Dr. Bazett: I spent an entire day looking at this problem and always got stuck on the "remainder" issue, where it is just thrown out that dividing p by some prime results in remainder. Out of many dozens of articles and videos I've looked at you are the first one to actually explain this. I actually came close to your explanation at some point, but was incredibly perturbed that no other article backed up my intuition (and yours) about the resultant fractional component when dividing p by some prime. In other words, this was a valid observation, but I didn't know if this actually factored into Euclid's proof, or if it was something else that completed Euclid's proof. I was an engineering student at school and have started on a long road to re-learn stuff so I can learn more stuff. I immediately subscribed to your channel. Kudos.

maxwellchiu

Best video on this topic hands down, brilliant explicit showcase of this. Thank you kindly

samuelhawksworth

The remainder concept that you explained has really sunk in my mind. Thank You So Much

_jayachaubey

Amazing explanation! It’s cool how you write in reverse on the mirror.

mohammedshoaib

good job!! your videos are extremely helpful! please carry on with your work!

minhaj

I think from step 3 we can conclude that p is a prime because it is not divisible by any and all existing primes, p1, p2, …, pn. We end up with an immediate contradiction because we assumed that the largest prime is pn but p > pn.

yongmrchen

A small correction to the explanation.
The assumption that P is a prime is wrong!
It is either Prime or that it is a composite that is divisible by other primes not in our finite group.
For example : 2*3*5*7*11*13 +1=30031
This number is not prime as it is equal to 59*509=30031 !

Another example (simpler)
2*7+1 =15 which is of course not prime and divisible by both 3 and 5, primes not in our group.

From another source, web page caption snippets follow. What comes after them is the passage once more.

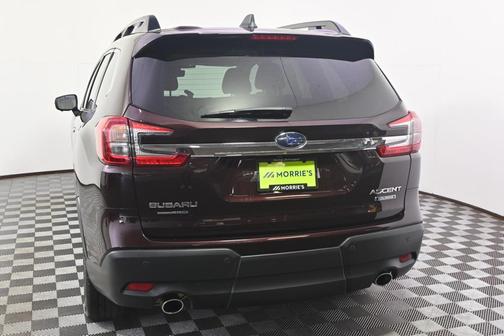 2023 Subaru Ascent Touring 7-Passenger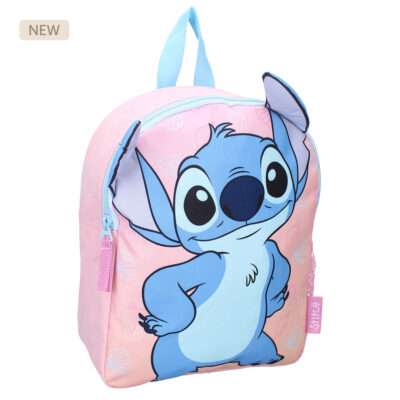 Seljakott Stitch Fluffy Friends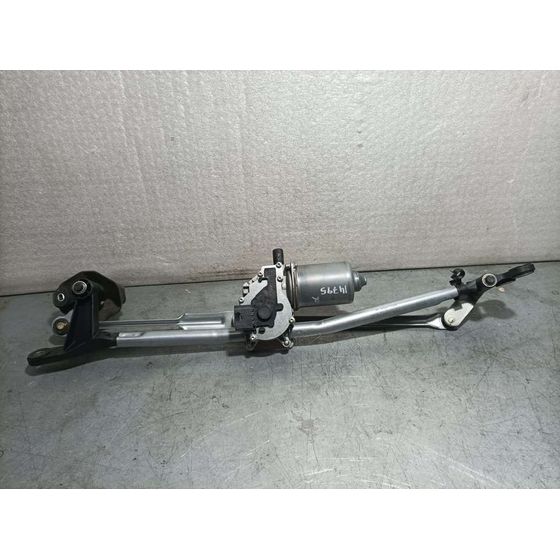 Motor Limpia Delantero para Land Rover Evoque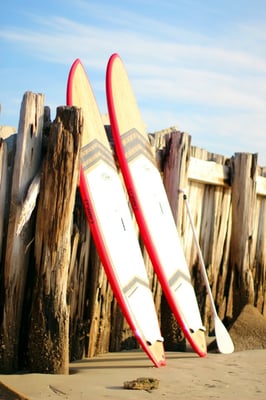 Sealand Adventure Sports by null
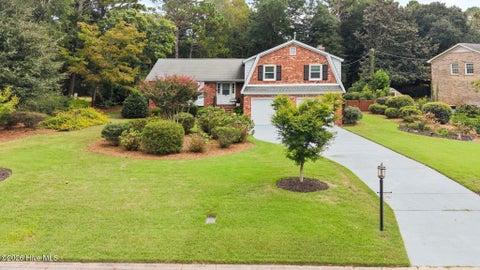 Tiny photo for 2316 Lynnwood Drive, Wilmington, NC 28403 (MLS # 100607993)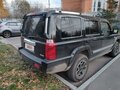2006 Jeep Commander, чёрный, 1500000 рублей - вид 10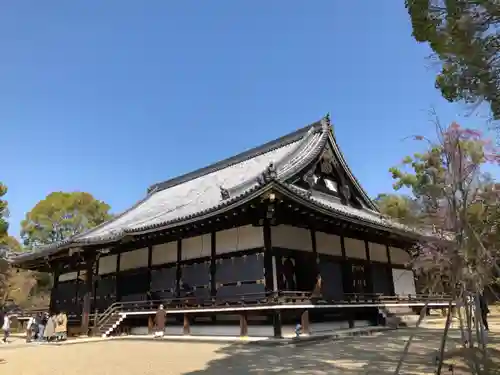 仁和寺(京都府)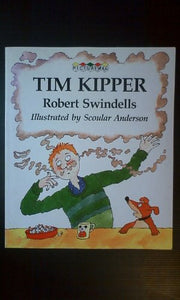 Tim Kipper 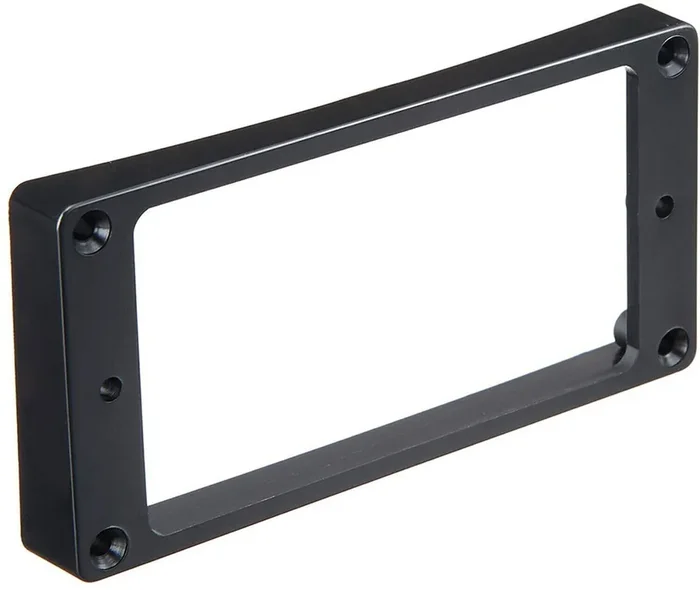 Hosco MR-1R Black Capuchon
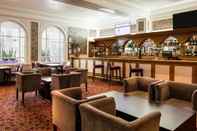 Bar, Kafe, dan Lounge Mercure Aberdeen Caledonian Hotel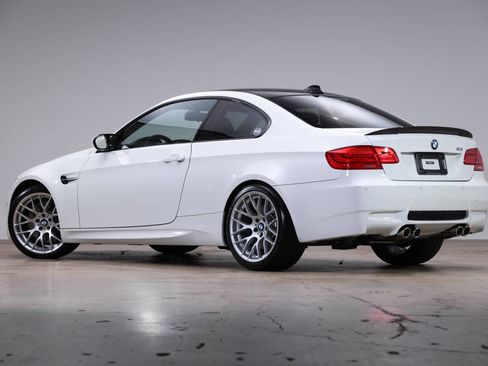 Used 2013 BMW M3 Coupe image 7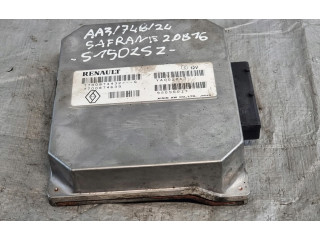 Řídící jednotka 7700874432G   Renault Safrane 1996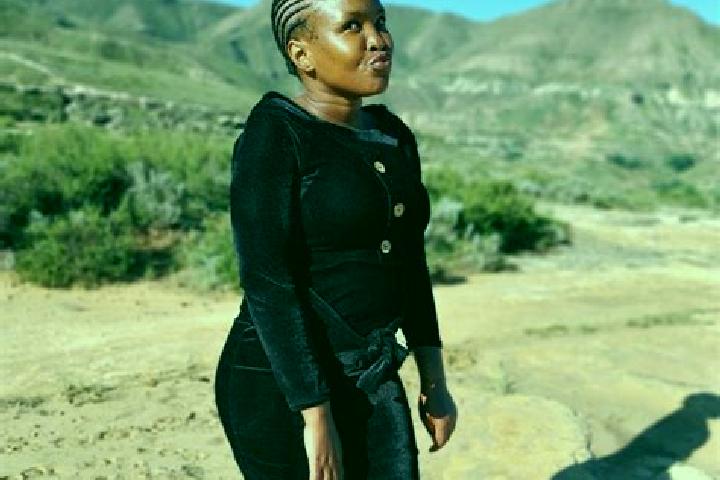 Isabella, 32 — Escort in Tsa Kholo, Lesotho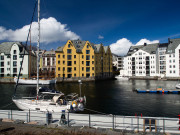 Norvège 2016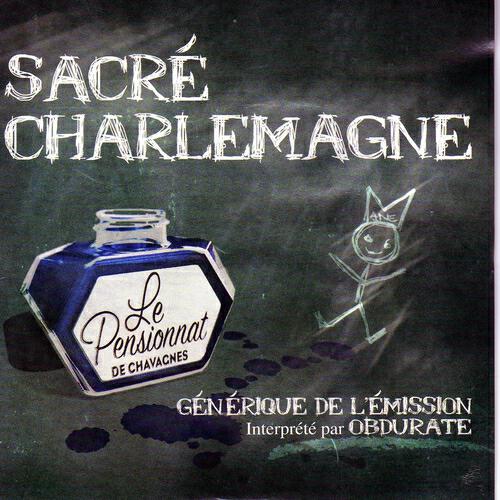 Релиз Sacré Charlemagne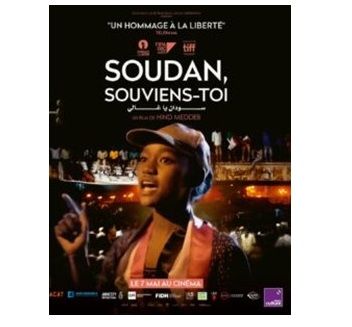 Soudan, souviens-toi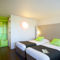Hotel Campanile Grenoble Nord - Saint-Egreve : photos des chambres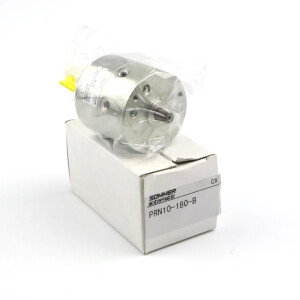 Sommer automatic Drehflügelzylinder PRN10-180-B OVP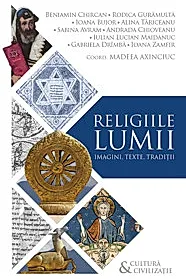 Religiile lumii: imagini, texte, traditi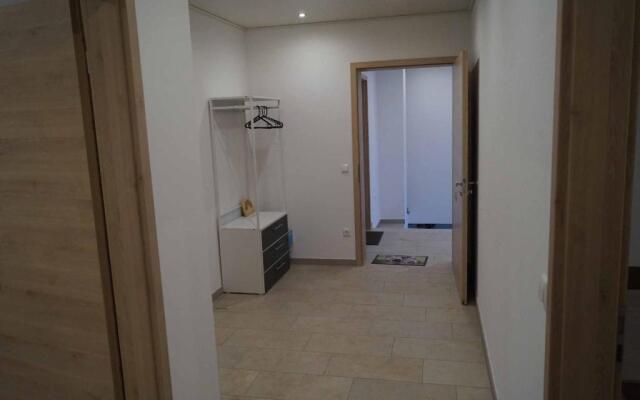 Ferienwohnung flussendlich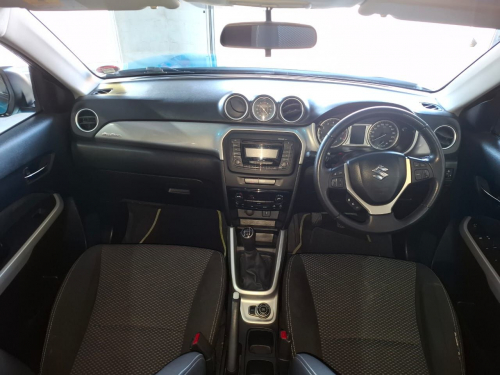 Suzuki Vitara All Grip 1.6 in Namibia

Those remarks don’t change our proof as we added new prime/primes to our finite group, which contradicts our assumptions and proof that the group is infinite .

matirachamim

Best explanation on youtube, thank you!

eleanorwj

What I love about this proof is it is simple, ancient and completely ignores the practicality of calculating p1...pn + 1 and of checking its divisability.

andrewharrison

Who would've thought that garble nonsense could be so elegant! I would love to see you explain through contradiction that the square root of 2 is an irrational number :)

jenniferwilcox

THANK YOU ONE HOUR BEFORE MY FINALS IT FINALLY MAKES

tesnyme

Wow, you made the proof easy. Thanks. Could someone highlight the rationale being us adding 1? Because of course that makes the number p indivisible by any primes. And I am also still wondering how it becomes composite given that it is not perfectly a product of primes.
Thanks

mugayamaddox